La lettera di Tiziano Renzi al figlio Matteo: «Boschi, Bonifazi e Bianchi come la banda Bassotti. Hanno lucrato su di te»

La lettera è stata depositata dalla procura di Firenze a margine del processo per bancarotta a carico del padre e della madre del leader di Italia Viva

L’imprenditore Marco Carrai? «Un uomo falso». Maria Elena Boschi, Alberto Bianchi, Bonifazi? «Una Banda Bassotti». È quanto si legge in una lettera di sei pagine del 2017, attribuita secondo fonti investigative a Tiziano Renzi, padre del leader di Italia Viva. Il testo è entrato negli atti dell’inchiesta che vede imputati per bancarotta di tre cooperative i genitori di Matteo Renzi, Tiziano Renzi e Laura Bovoli. Nella lettera all’ex premier si legge: «Ora tu hai l’immunità, non esiste più il rischio che tramite me arrivino a te: spero che inizi una nuova stagione di lotta per i valori che hanno animato la nostra vita». E ancora: «Carrai non si deve mai più far vedere da me». Negativo è anche il giudizio dato dal padre del leader di Italia Viva su quella che viene definita «banda Bassotti»: «Alberto Bianchi, Francesco Bonifazi e Maria Elena Boschi» che, secondo quanto si legge nella missiva, «hanno lucrato senza ritegno dalla posizione di accoliti tuoi e io sono stato quello che è passato per ladro». Nella lettera, Tiziano Renzi confessa al figlio di aver maturato «in questi anni in questi anni la netta percezione, la certezza, di essere considerato un ostacolo e comunque un fastidio. Come sai gli unici colloqui erano conditi di rimproveri». E ancora, rivolgendosi al figlio Matteo: «Riguardo al tuo auspicio che vada in pensione devo con forza affermare che in pensione mi ci manda il buon Dio non te. Questa vicenda – si legge ancora – mi ha tolto la capacità di relazione. Tutti quello che hanno avuto rapporti con me sono stati attenzionati solo per questo fatto. Sono – prosegue Tiziano Renzi – come il re Mida della m****, concimo tutti, stanno interrogando tutti, dipendenti e amici è folle, devo nascondermi senza aver fatto niente di male». 
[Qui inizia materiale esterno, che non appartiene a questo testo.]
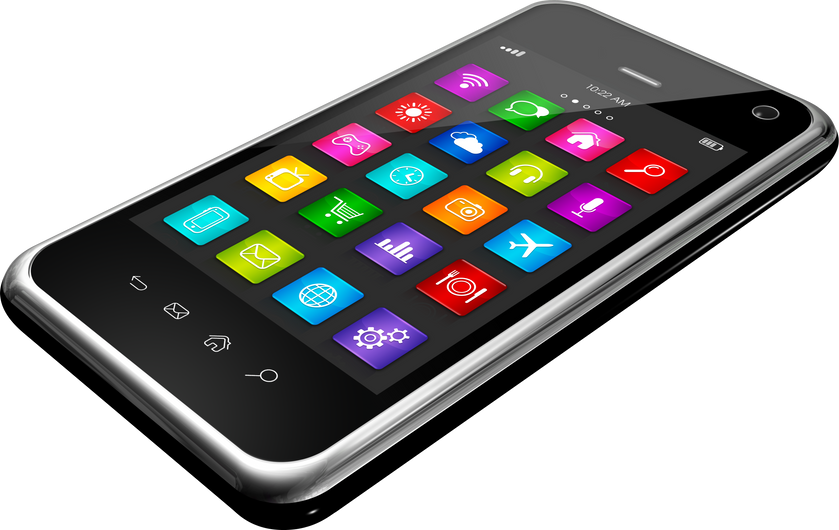 Mobile Phone with Apps Icons Interface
I legali di Tiziano Renzi contro i pm fiorentini: «Ennesimo schiaffo alla vita delle persone»

Dopo la pubblicazione su Repubblica della lettera, i legali di Tiziano Renzi hanno diramato una nota sulla diffusione della lettera che, secondo gli avvocati difensori, in cui viene sottolineato che «un uomo in difficoltà, che vive nel terrore da un anno, provato, indagato e perquisito, si sfoga in un file di insulti al figlio e agli amici più cari del figlio. Questo documento compare improvvisamente oggi a distanza di cinque anni dal momento in cui viene redatto ed è privo di qualsiasi valore penale, ma viene ugualmente fatto circolare per tentare di alimentare sui media un processo che stenta in tribunale». Nella nota, i legali difensori del padre del leader di Italia Viva sottolineano che la circolazione della lettera costituisce «l’ennesima conferma di un modus operandi degli inquirenti fiorentini che si commenta da solo e che in assenza di violazioni del codice penale si concentra sulle difficoltà di rapporto tra padre e figlio. Nel merito l’ennesima dimostrazione del fatto che Matteo Renzi non ha mai agevolato suo padre nelle sue attività professionali. Nel metodo l’ennesimo schiaffo alla civiltà giuridica, alla vita delle persone e alla privacy di una famiglia colpita da una pervicace campagna mediatica senza precedenti».


Calenda: «Gesto ignobile»

Anche il leader di Azione, Carlo Calenda, ha commentato con parole dure la pubblicazione della lettera: «Acquisire agli atti di un processo, e pubblicare la lettera di un padre a un figlio è un nuovo record di ignominia. Complimenti».